VMware on NetApp Best Practices Update

9
80

TR-3428_cover.gifAs one might imagine

Several of us within NetApp receive a fair amount of feedback around the content in our VMware on NetApp Best Practices Technical Report, TR-3428.  A few of the areas where we receive a large amount of inquiry are related to the frequency of the updates to the document and requests for notification of when updates are posted.
I’d like to use this post as my way of saying we hear you, to follow up on these questions and ask for some feedback as we move forward with the document and begin work on our ESX 4.0 on NetApp Best Practices document.

An update has been posted

Version 4.4 went live on November 24th around midnight EDT.  As this is update closely followed version 4.3, which posted in November, I’d like to share with you some of the key updates and additions to the content that have been introduced in the past 30 days.

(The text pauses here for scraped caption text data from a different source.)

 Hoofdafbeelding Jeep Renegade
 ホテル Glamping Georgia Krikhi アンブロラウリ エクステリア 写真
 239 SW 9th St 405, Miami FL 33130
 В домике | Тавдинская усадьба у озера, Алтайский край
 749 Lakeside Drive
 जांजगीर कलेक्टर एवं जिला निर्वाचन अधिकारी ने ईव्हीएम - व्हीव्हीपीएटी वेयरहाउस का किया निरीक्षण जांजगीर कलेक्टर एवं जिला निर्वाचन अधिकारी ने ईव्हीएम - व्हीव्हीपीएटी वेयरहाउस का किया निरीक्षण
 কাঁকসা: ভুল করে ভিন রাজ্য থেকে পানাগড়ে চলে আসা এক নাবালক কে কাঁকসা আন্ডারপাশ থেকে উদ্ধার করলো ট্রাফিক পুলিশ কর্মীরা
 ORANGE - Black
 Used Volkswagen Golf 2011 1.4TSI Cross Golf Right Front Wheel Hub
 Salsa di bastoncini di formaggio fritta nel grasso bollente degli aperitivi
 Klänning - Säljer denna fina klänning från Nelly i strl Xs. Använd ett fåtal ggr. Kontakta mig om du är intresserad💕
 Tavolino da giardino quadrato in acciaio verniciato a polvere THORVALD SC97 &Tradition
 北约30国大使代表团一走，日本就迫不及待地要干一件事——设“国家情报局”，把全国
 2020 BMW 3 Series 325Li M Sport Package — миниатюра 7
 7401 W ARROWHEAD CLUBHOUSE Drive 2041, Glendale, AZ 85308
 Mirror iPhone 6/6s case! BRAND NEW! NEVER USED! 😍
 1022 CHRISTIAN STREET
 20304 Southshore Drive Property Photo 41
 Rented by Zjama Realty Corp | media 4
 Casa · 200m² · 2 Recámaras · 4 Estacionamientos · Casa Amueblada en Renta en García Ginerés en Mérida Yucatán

VMware snapshots with NFS datastores

This topic has been discussed enough in the blogosphere (here, here, and here as examples) where I feel that I don’t need to spend too much time on the details, but at a high level this issue has been resolved in ESX 3.5 updates 1 thru 3.  This issue is also commonly referred to as ‘NFS locking’ as previous workarounds to this issue involved disabling locking for NFS datastores.

In short, this issue resulted in the lengthy suspension of I/O within a GOS during the deletion of a VMware snapshot when the VM resided in a NFS datastore.  This issue was found to affect any NFS server and had an impact on many solutions including, but not limited to, Storage VMotion, Consolidated Backup, and NetApp SnapManager for Virtual Infrastructure.

Which version of ESX you are running will dictate the course of action required to enable this fix.  If your environment is running ESX 3.5 update 1 or update 2 you will need to download and install VMware patch ESX350-200808401-BG. If you have ESX 3.5 update 3, the code for the fix is included in the release; however, you still need to enable the fix. 

The process for patching or enabling the fix is outlined in TR-3428.  Regardless of which update you are running, the process requires the completion of multiple steps in order to be successfully implemented. 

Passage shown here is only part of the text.